* _Work item_
Look through the listing below and write out exactly the lines from the line with "Pommeau de Levier" to the line with "For Garmin Lily", both included, and no others.

━━━━━ Material provided ━━━━━

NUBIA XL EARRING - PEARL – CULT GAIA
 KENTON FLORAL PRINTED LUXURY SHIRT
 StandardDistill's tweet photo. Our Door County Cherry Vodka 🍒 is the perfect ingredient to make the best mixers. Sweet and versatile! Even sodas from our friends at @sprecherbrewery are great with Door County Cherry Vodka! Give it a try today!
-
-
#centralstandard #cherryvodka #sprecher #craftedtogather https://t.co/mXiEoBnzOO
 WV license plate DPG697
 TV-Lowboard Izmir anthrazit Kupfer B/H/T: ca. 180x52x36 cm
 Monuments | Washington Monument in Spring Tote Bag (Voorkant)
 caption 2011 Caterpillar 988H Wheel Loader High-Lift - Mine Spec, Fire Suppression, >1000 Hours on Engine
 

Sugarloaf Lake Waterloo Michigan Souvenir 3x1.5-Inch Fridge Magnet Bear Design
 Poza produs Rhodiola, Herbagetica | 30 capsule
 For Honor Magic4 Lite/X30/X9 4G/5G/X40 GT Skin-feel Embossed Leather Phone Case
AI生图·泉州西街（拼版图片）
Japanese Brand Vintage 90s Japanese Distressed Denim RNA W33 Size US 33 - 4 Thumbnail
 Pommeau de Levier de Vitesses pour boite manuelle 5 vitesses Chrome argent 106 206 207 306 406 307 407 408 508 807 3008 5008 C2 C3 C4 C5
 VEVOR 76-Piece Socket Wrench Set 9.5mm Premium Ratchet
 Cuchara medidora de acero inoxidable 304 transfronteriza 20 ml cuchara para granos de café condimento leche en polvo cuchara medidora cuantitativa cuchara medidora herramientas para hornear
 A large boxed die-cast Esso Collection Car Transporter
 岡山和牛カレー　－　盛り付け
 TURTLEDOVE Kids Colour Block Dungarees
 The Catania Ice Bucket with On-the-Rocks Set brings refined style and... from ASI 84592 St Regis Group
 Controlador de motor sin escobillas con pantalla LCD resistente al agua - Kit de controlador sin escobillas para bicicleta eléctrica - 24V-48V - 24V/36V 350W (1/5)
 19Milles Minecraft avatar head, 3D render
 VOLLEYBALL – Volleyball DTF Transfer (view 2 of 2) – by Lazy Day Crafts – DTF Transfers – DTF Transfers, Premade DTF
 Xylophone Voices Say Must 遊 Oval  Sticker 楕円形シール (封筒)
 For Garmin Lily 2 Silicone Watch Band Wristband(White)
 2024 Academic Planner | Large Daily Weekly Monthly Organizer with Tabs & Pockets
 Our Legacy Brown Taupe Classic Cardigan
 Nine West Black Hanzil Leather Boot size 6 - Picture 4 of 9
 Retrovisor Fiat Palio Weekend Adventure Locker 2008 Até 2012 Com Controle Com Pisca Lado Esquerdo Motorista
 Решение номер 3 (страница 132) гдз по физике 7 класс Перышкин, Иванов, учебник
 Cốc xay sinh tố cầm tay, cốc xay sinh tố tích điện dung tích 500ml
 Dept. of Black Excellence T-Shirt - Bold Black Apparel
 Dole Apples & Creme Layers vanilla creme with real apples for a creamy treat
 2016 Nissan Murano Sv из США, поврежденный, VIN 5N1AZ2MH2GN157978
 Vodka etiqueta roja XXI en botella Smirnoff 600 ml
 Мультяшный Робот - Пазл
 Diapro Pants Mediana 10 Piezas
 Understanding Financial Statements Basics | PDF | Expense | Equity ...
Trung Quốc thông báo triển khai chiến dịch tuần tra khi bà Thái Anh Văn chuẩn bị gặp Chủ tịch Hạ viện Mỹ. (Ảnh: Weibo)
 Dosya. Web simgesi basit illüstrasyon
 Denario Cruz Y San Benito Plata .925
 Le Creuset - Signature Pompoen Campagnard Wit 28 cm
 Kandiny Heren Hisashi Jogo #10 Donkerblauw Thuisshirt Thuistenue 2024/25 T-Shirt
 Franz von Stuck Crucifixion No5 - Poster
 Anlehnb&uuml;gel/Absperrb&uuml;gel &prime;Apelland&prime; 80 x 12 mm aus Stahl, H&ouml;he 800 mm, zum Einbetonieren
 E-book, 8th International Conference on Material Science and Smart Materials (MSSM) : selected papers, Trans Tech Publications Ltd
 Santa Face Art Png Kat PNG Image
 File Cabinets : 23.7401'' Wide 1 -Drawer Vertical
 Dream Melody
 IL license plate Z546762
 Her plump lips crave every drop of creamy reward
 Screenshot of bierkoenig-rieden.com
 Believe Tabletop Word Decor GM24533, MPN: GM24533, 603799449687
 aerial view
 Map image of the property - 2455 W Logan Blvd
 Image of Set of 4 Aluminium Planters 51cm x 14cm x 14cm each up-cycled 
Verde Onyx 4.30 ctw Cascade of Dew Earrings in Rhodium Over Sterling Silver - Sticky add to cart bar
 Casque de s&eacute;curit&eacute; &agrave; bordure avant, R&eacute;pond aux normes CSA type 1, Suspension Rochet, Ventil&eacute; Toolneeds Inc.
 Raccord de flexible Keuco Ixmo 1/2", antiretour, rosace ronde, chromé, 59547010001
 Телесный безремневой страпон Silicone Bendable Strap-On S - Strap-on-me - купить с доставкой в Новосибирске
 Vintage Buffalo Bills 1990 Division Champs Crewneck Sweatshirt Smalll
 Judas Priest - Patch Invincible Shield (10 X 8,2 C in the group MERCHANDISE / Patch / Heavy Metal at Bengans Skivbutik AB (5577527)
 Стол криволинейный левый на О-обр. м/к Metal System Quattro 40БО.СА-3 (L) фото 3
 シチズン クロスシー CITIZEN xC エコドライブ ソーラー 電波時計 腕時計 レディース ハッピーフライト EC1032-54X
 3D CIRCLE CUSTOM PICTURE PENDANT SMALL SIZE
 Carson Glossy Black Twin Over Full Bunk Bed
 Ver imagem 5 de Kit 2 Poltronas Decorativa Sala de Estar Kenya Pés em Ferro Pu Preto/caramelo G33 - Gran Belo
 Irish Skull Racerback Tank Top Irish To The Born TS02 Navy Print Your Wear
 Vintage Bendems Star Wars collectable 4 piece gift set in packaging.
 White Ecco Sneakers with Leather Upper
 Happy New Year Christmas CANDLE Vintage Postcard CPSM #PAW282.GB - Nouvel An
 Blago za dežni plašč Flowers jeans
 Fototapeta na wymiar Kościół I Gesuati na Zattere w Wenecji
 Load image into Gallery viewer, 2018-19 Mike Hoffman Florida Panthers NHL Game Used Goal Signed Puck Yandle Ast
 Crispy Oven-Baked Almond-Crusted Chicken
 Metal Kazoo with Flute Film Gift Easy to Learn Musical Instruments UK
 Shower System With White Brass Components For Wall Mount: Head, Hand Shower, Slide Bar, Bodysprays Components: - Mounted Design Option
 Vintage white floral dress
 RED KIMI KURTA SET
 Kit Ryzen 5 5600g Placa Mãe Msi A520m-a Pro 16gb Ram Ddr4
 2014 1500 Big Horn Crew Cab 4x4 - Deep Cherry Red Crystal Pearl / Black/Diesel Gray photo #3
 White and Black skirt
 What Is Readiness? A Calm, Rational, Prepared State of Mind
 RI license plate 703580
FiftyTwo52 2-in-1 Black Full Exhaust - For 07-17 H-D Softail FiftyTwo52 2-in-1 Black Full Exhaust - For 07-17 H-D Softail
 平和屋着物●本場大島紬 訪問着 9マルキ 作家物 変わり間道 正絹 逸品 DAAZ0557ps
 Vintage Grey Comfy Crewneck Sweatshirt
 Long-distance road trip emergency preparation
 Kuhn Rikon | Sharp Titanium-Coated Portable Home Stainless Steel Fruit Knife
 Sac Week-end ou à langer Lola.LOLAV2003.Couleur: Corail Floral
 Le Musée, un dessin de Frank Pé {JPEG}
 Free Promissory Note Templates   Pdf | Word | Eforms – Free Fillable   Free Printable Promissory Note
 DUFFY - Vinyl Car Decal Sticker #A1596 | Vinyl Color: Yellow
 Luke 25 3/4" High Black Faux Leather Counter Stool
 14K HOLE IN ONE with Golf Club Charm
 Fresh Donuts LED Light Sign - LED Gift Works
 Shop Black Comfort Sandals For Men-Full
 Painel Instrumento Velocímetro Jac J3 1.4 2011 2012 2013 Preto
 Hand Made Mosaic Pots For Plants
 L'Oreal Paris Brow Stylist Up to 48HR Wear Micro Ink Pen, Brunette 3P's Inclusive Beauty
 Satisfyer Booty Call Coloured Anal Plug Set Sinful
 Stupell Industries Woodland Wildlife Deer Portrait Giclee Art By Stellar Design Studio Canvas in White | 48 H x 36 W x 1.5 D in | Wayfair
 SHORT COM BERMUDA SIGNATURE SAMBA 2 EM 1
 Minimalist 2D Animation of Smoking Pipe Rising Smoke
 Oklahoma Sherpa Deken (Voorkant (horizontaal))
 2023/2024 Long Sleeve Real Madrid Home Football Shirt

━━━━━

* _Worked solution_
 Pommeau de Levier de Vitesses pour boite manuelle 5 vitesses Chrome argent 106 206 207 306 406 307 407 408 508 807 3008 5008 C2 C3 C4 C5
 VEVOR 76-Piece Socket Wrench Set 9.5mm Premium Ratchet
 Cuchara medidora de acero inoxidable 304 transfronteriza 20 ml cuchara para granos de café condimento leche en polvo cuchara medidora cuantitativa cuchara medidora herramientas para hornear
 A large boxed die-cast Esso Collection Car Transporter
 岡山和牛カレー　－　盛り付け
 TURTLEDOVE Kids Colour Block Dungarees
 The Catania Ice Bucket with On-the-Rocks Set brings refined style and... from ASI 84592 St Regis Group
 Controlador de motor sin escobillas con pantalla LCD resistente al agua - Kit de controlador sin escobillas para bicicleta eléctrica - 24V-48V - 24V/36V 350W (1/5)
 19Milles Minecraft avatar head, 3D render
 VOLLEYBALL – Volleyball DTF Transfer (view 2 of 2) – by Lazy Day Crafts – DTF Transfers – DTF Transfers, Premade DTF
 Xylophone Voices Say Must 遊 Oval  Sticker 楕円形シール (封筒)
 For Garmin Lily 2 Silicone Watch Band Wristband(White)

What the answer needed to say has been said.